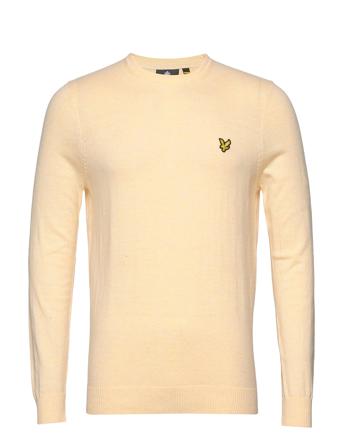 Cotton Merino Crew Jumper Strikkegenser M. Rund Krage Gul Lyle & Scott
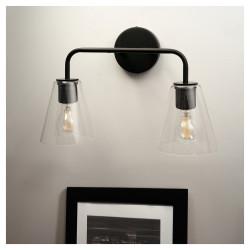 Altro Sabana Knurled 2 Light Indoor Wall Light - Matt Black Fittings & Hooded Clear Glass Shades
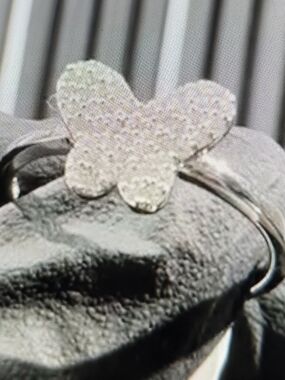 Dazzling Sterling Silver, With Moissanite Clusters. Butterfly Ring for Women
● ● ● ● ● ● ●
**DESCRIPTION OF THE TASK:** Give an exact copy of the data, and omit any pictures it holds.

**TASK SOLUTION:**
 Cotton Merino Crew Jumper Strikkegenser M. Rund Krage Gul Lyle & Scott
 Altro Sabana Knurled 2 Light Indoor Wall Light - Matt Black Fittings & Hooded Clear Glass Shades
 Dazzling Sterling Silver, With Moissanite Clusters. Butterfly Ring for Women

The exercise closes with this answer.